The Lewis 0.303 inch (7.7 mm) Mk.2 was a relatively sophisticated aircraft gun for its time. The gun was characterized especially by short length and light weight.
|Rate of fire||500 to 800rpm|
This gun was the standard aircraft machine gun for flexible mounting on Allied aircraft during the First World War. Its later variants were used in the Second World War also. Due to its basic construction the gun was not well suited for synchronized firing (through an propeller disc), but there were many fixed installations outside the arc (e.g. on the upper wing of a biplane).

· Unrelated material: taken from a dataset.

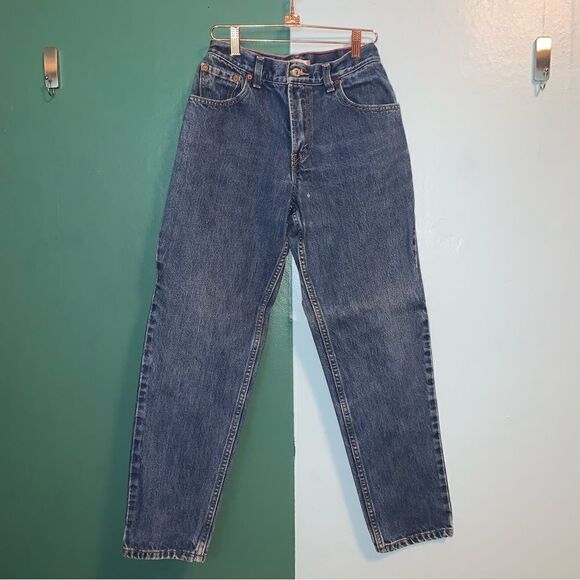 Vintage 550 Levi’s High Waisted Jeans size 4 - Picture 3 of 9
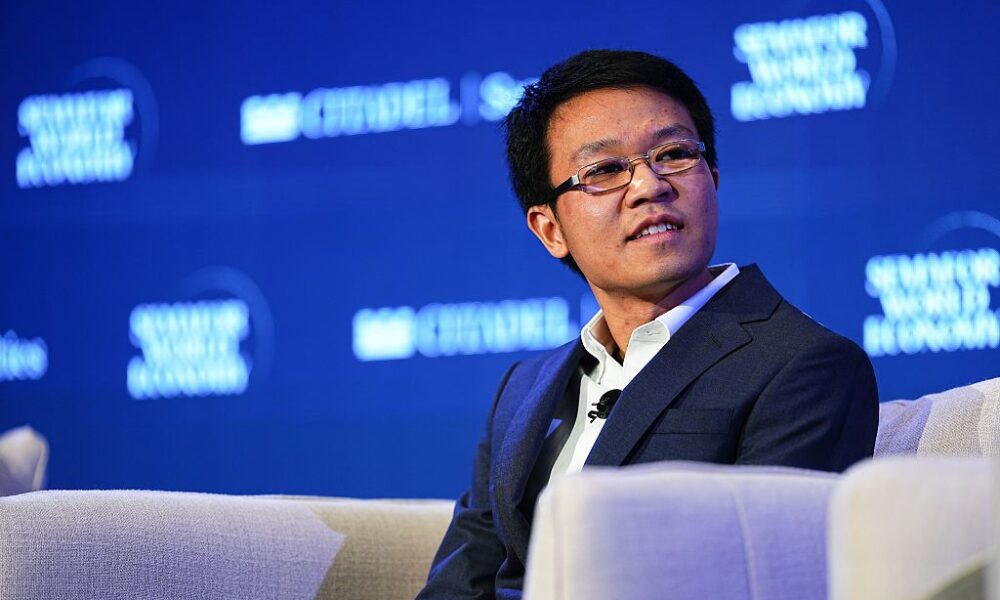 Scott Wu, co-founder and chief executive officer of Cognition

The gun was designed by the American Colonel Isaac Newton Lewis and first demonstrated by him in 1911. From the beginning he had in mind to produce a design sophisticated enough not only for use with the ground forces but also in aircraft. And indeed this air-cooled machine gun was to serve later with ground troops and air forces. But at first Col. Lewis had no success with the American authorities despite a number of successful demonstrations in 1911 and 1912 (including firing trials against a ground target from a flying aircraft).
So he left the USA in 1913 for Belgium where he founded his own company "Armes Automatiques Lewis" at Liége to produce his gun. But already in 1914 he was forced to leave Belgium and went to Great Britain. There the "British Small Arms Co." ("BSA") at Birmingham finally began to produce his design.
During its long service career the gun was constantly improved and sometimes appreciably changed its appearance (as demonstrated by the versions Mk.2 and Mk.3 - the latter is lacking the barrel covering). The gun was drum-fed. The original ammunition drum housed only 47 rounds and was replaced by a 97-round drum from about 1916 on.